(Short web captions)
::::
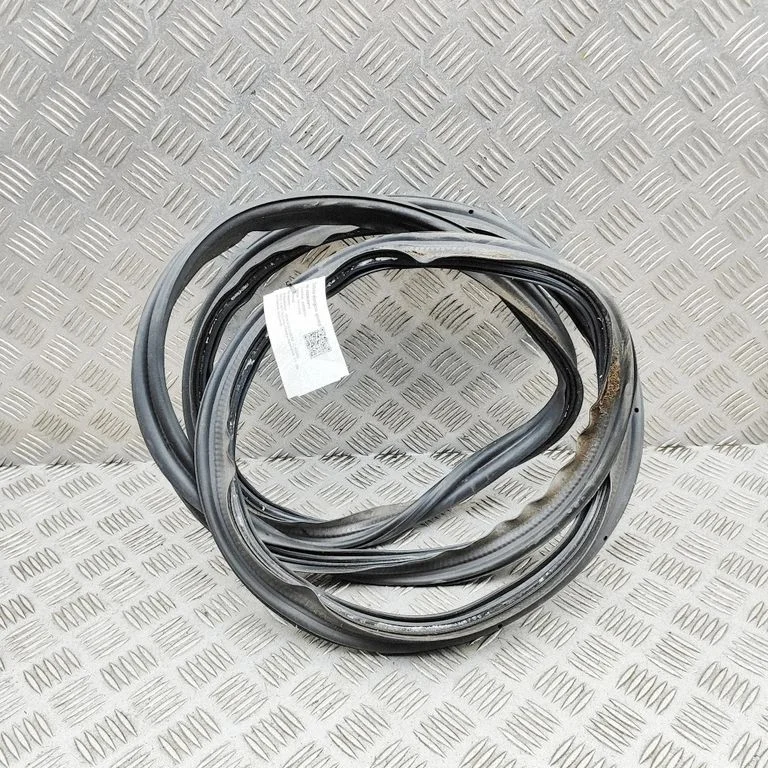Bagāžnieka blīvgumija (uz virsbūves) A2057503300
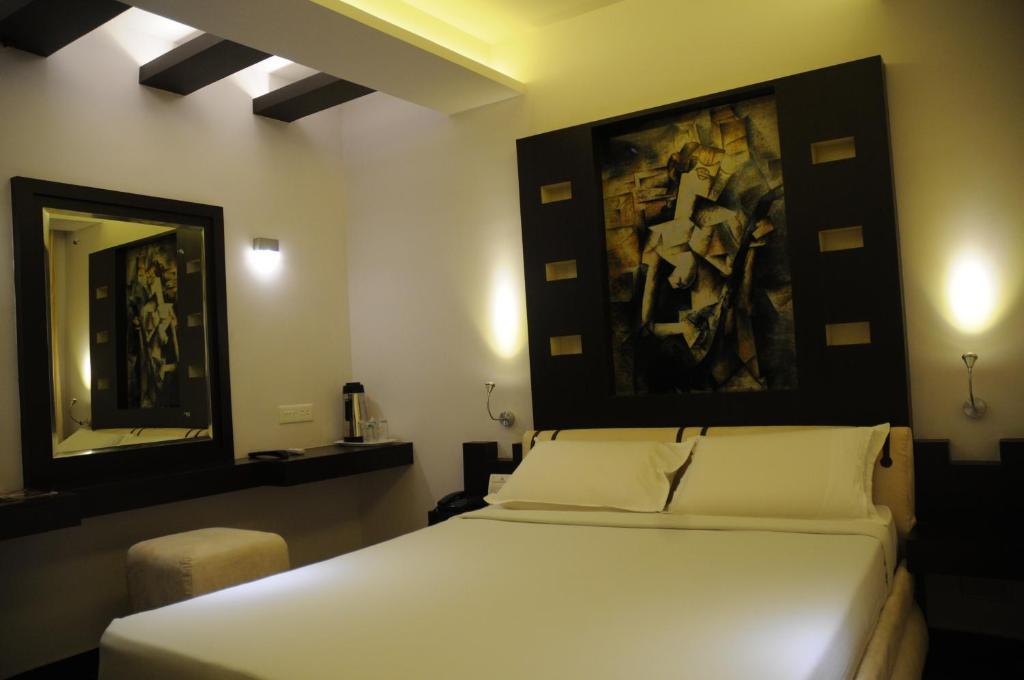 Hotel Gokulam Park Ченнаи Экстерьер фото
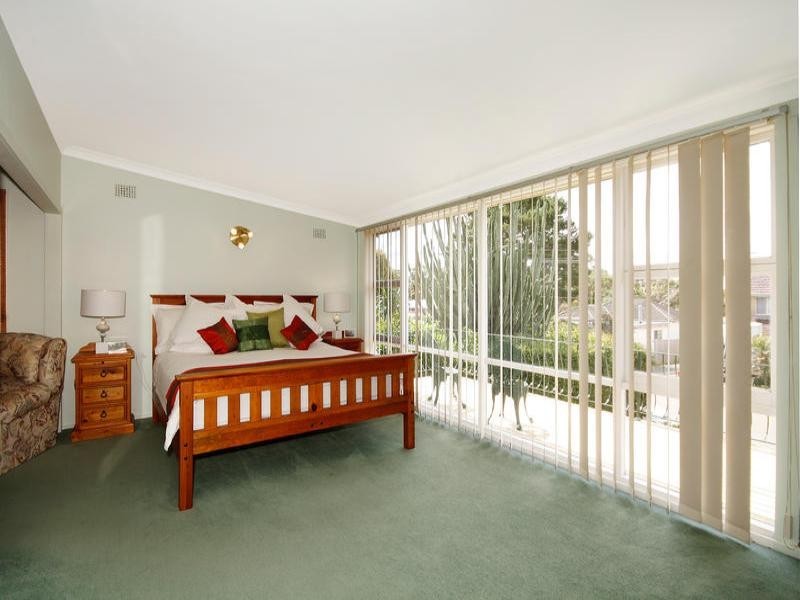 6 Parklands Avenue, Heathcote NSW 2233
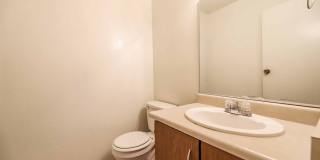 CUTE 2 BEDROOM CONDO! Gallery 8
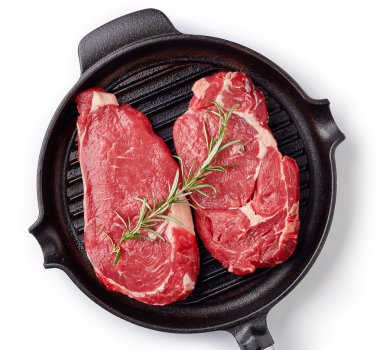 Ham sığır eti biftek tavada pişirmek hazır üzerinde beyaz izole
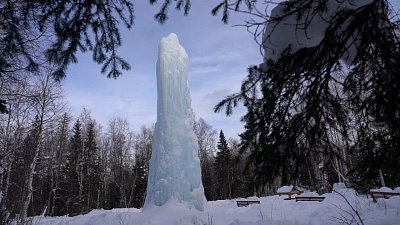 В нацпарке «Зюраткуль» вырос ледяной фонтан
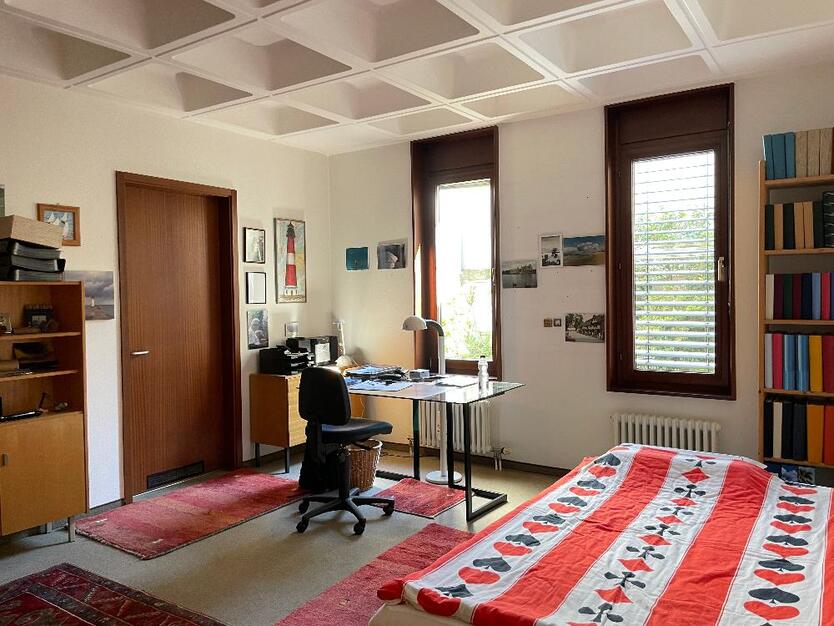 ### Geschmackvolles großzügiges Wohnen am Kronenplatz ### 4.5 zimmer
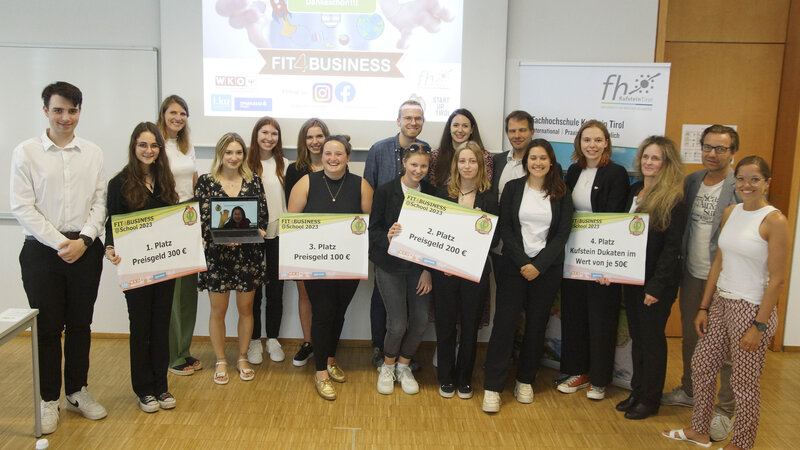 Schüler:innen und Coaches mit Zertifikaten in einem Seminarraum der FH Kufstein Tirol. | © FH Kufstein Tirol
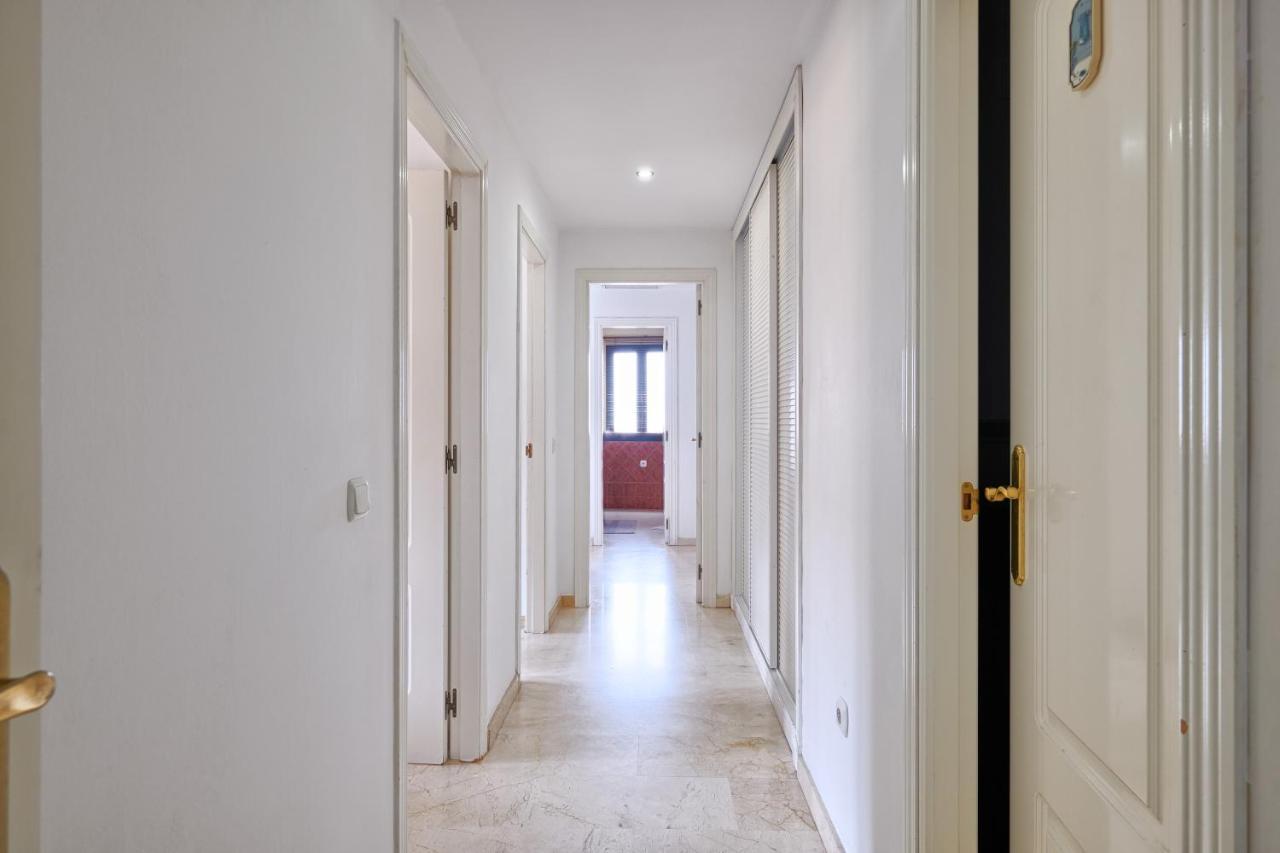 Beach And Town Centre At Your Doorstep Marbella Luaran gambar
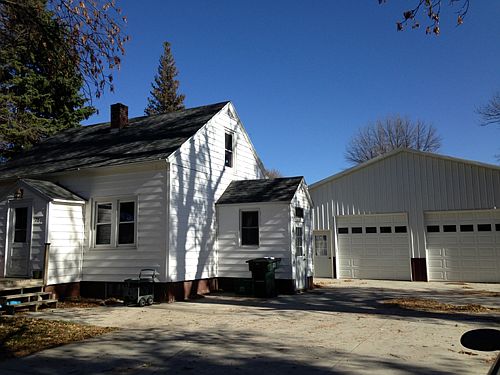 2nd image of 205 S Carver St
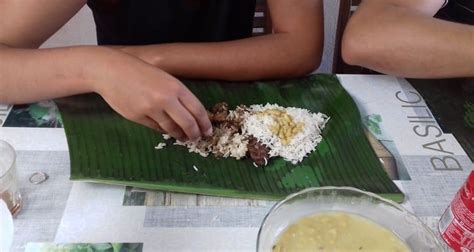 Comment préparer et manger sur une feuille de bananier à La Réunion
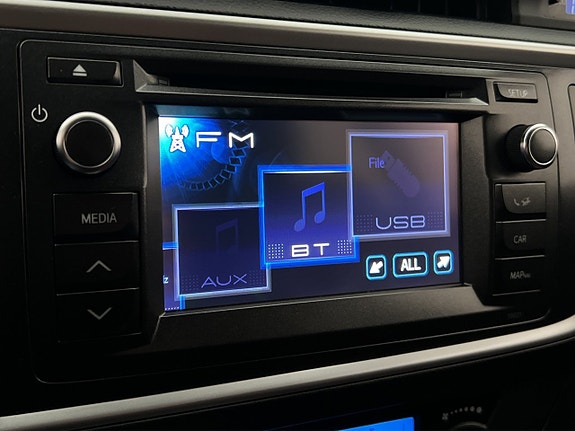 Toyota Auris 18 of 29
::::
## WHAT TO DO
Your reply must hold only the lines from the line containing "Comment préparer et" through the end of the records above, written out exactly, both ends included, with no pictures, please.

## RESULT FOR THIS TASK
 Comment préparer et manger sur une feuille de bananier à La Réunion
 Toyota Auris 18 of 29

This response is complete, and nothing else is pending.